El gobernador de Illinois, J.B. Pritzker, afirmó que agentes federales “sin control” han atacado de manera agresiva a comunidades y vecindarios, socavando derechos constitucionales. En ambos estados, autoridades locales denunciaron que el Gobierno federal ha intensificado operaciones en bastiones demócratas, generando caos y confusión.
Las demandas solicitan una orden judicial para frenar las operaciones migratorias en sus territorios. Minnesota e Illinois sostienen que estas acciones violan la Décima Enmienda de la Constitución al imponer una “invasión federal” y confiscar recursos locales para la aplicación de leyes migratorias.
Ambos estados también argumentan que la ofensiva migratoria responde a represalias políticas. La demanda de Minnesota señala que la Operación Metro Surge busca castigar a un estado gobernado por demócratas, mientras que Illinois sostiene que la administración Trump ha dirigido históricamente amenazas contra gobiernos locales que limitan la cooperación con autoridades migratorias federales.

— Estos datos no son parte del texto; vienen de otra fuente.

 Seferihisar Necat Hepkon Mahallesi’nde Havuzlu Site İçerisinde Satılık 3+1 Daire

Las denuncias incluyen señalamientos de tácticas consideradas ilegales y excesivas, como patrullajes itinerantes, arrestos sin orden judicial, uso de gas lacrimógeno, incursiones en propiedades privadas y operaciones en lugares sensibles como escuelas y hospitales.
Minnesota acusa además discriminación racial sistemática, particularmente contra comunidades somalíes e hispanas, y documenta detenciones de ciudadanos estadounidenses basadas únicamente en su origen étnico percibido.

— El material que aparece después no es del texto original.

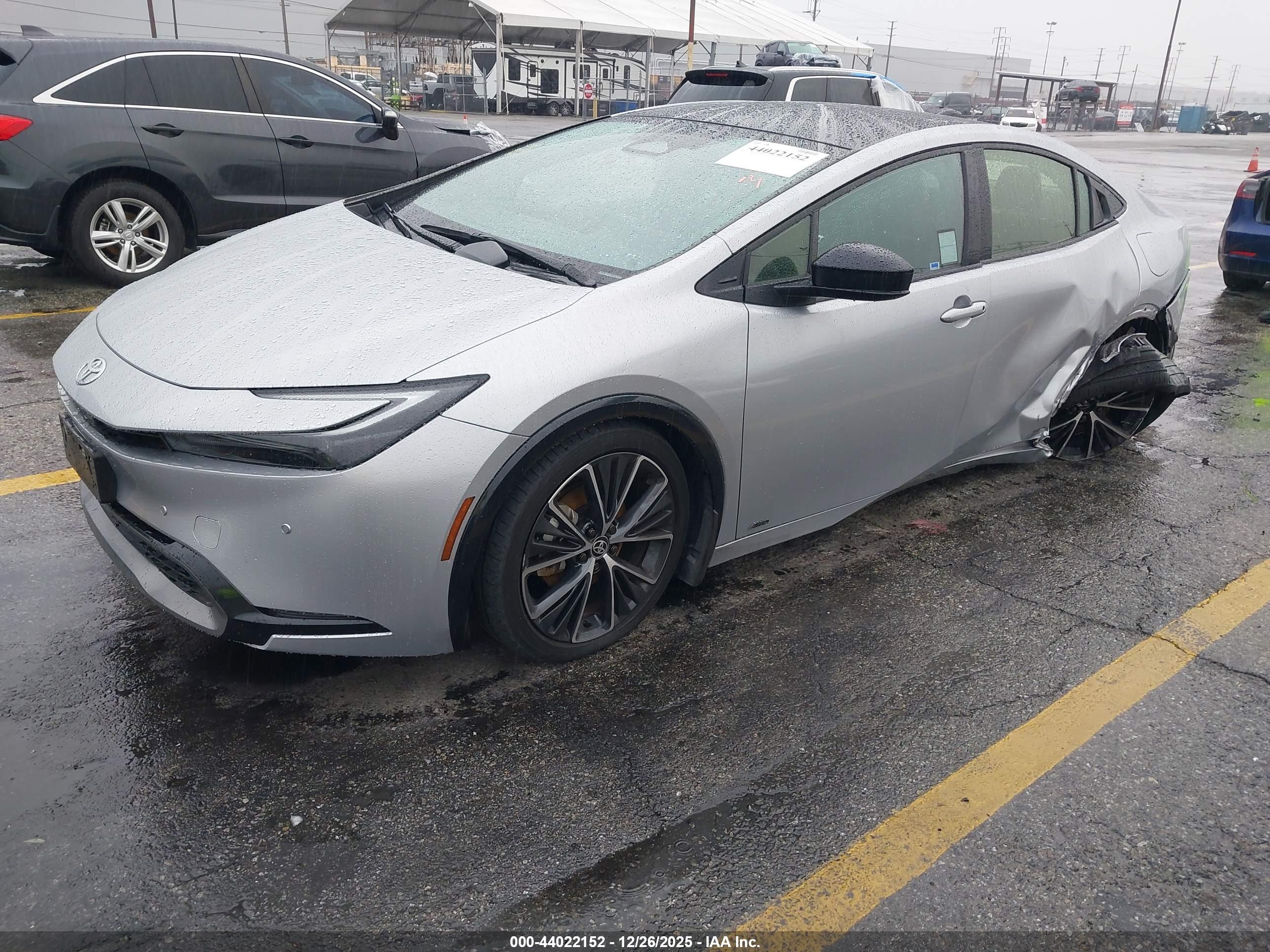 TOYOTA PRIUS image 2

Finalmente, los gobiernos estatales advirtieron que no se vislumbra un fin para estas operaciones. Autoridades federales han anticipado una presencia prolongada en ciudades como Chicago y Minneapolis, mientras que se prevé el envío de más agentes adicionales, lo que, según las demandas, podría agravar aún más la tensión social y el impacto en las comunidades locales.